* **WORK TASK**
Pictures stay out of the output. Return exactly the lines below from the one with "Chaturbate Free Porn Cam of cute_brian" down to the one with "世界杯竞猜热门平台与技巧详解争取奖金数据研判-深度解析", both included, and nothing more.

——

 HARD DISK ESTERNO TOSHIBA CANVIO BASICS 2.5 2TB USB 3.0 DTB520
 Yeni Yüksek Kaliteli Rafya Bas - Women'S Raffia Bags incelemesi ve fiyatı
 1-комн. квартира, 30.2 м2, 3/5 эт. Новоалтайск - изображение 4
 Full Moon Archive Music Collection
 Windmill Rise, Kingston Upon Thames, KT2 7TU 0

——

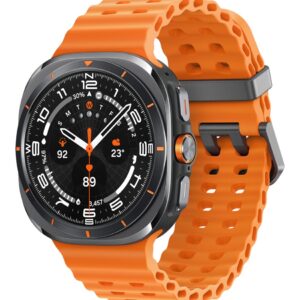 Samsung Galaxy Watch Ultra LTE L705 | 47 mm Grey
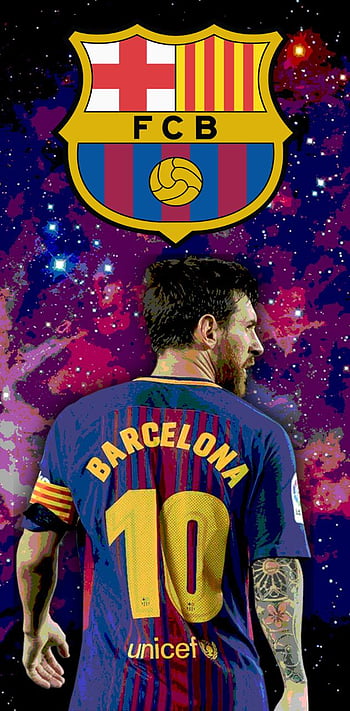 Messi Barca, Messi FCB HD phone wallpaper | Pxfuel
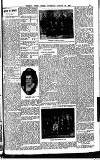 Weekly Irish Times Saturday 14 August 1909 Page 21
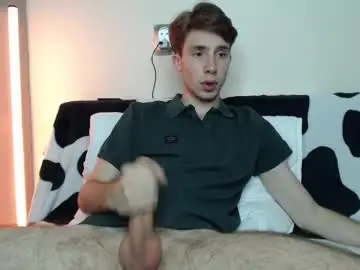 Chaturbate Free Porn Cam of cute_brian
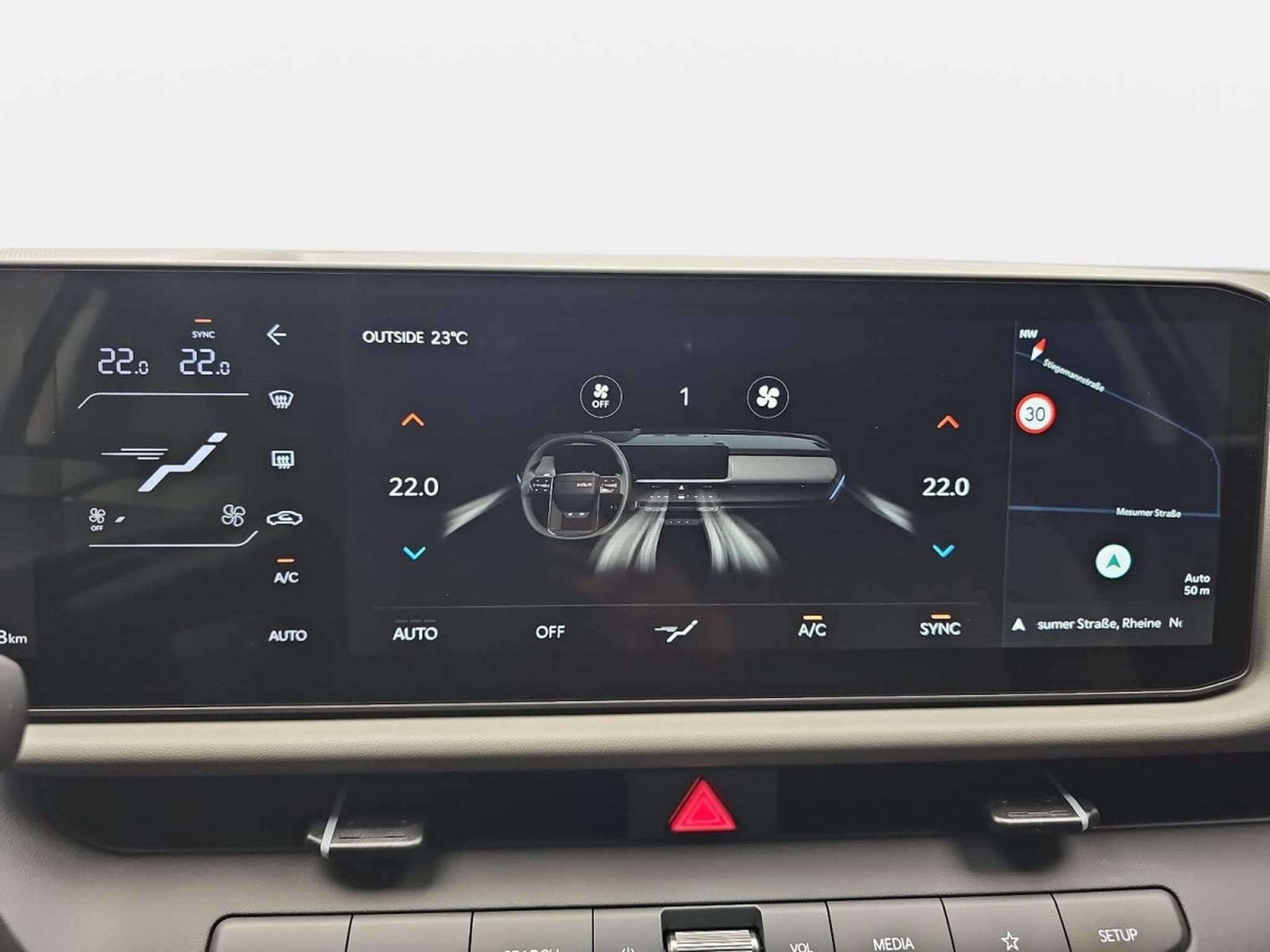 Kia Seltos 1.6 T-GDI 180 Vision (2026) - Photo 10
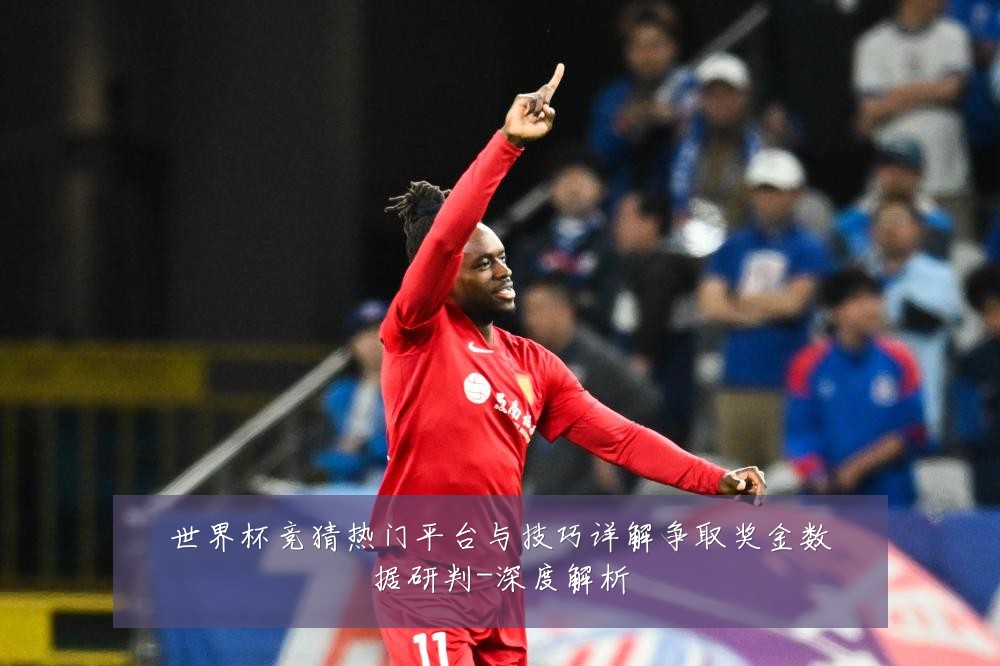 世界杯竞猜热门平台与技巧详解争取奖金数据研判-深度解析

——

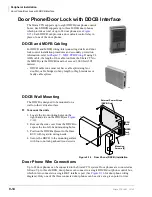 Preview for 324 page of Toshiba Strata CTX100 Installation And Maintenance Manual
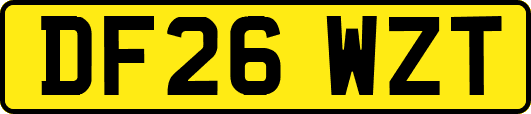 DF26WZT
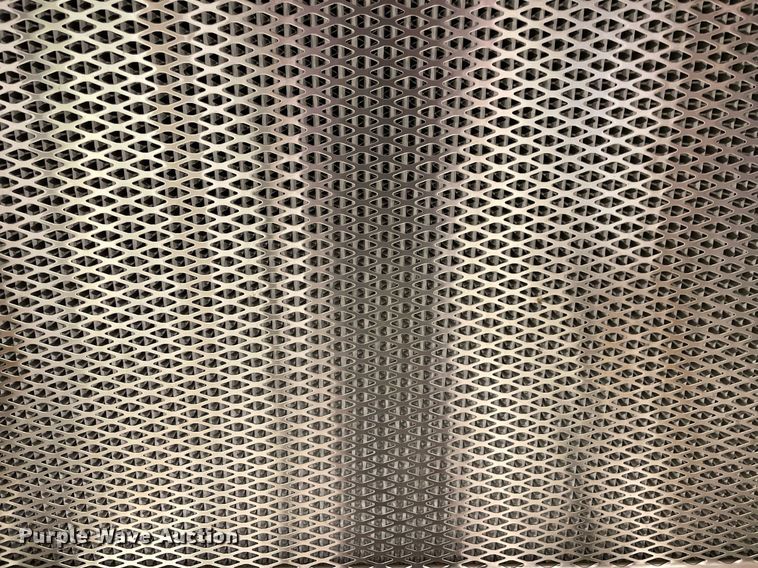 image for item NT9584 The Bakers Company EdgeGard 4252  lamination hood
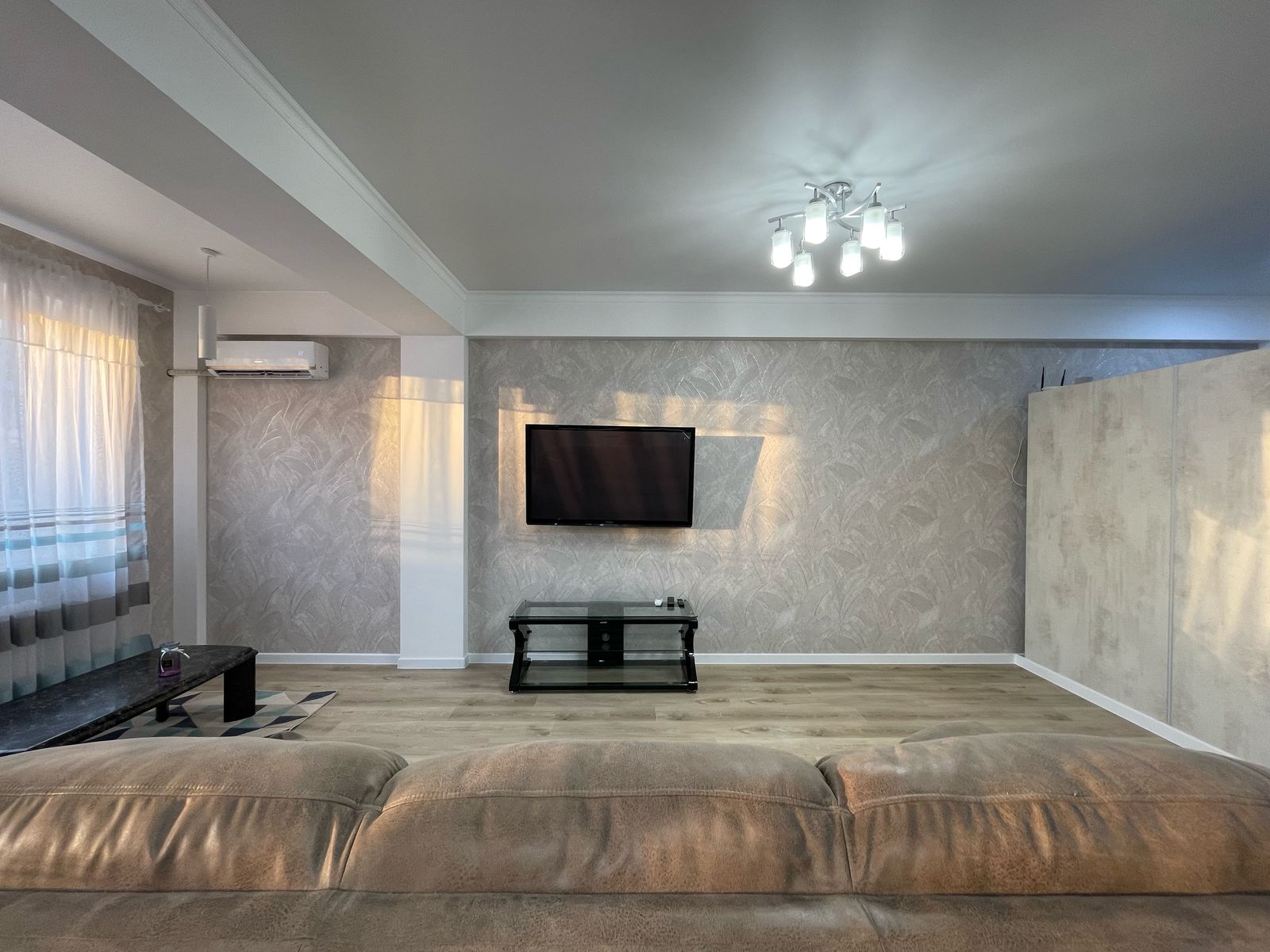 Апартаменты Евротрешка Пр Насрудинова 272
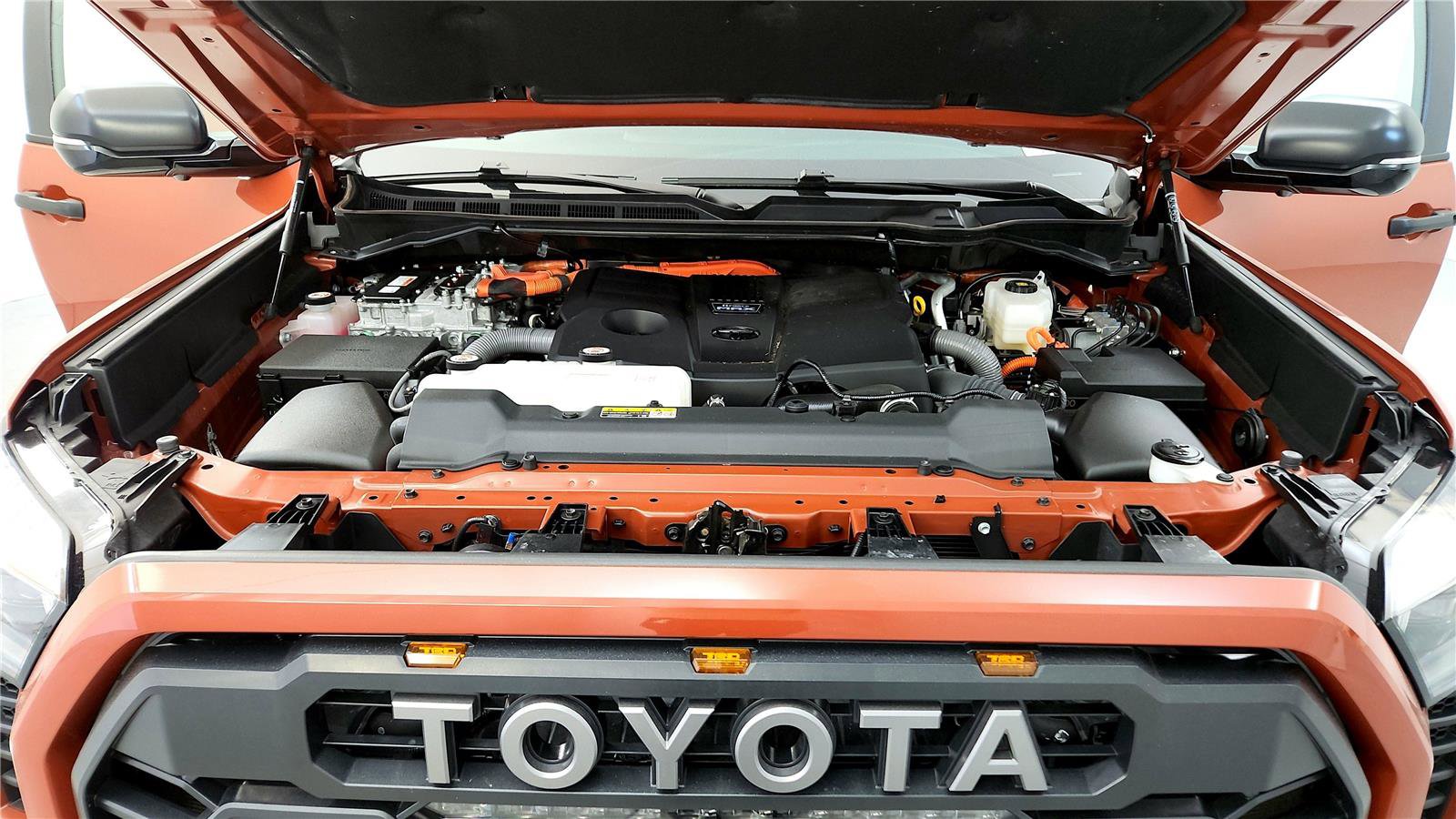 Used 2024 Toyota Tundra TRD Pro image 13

——

* **ANSWER BELOW**
 Chaturbate Free Porn Cam of cute_brian
 Kia Seltos 1.6 T-GDI 180 Vision (2026) - Photo 10
 世界杯竞猜热门平台与技巧详解争取奖金数据研判-深度解析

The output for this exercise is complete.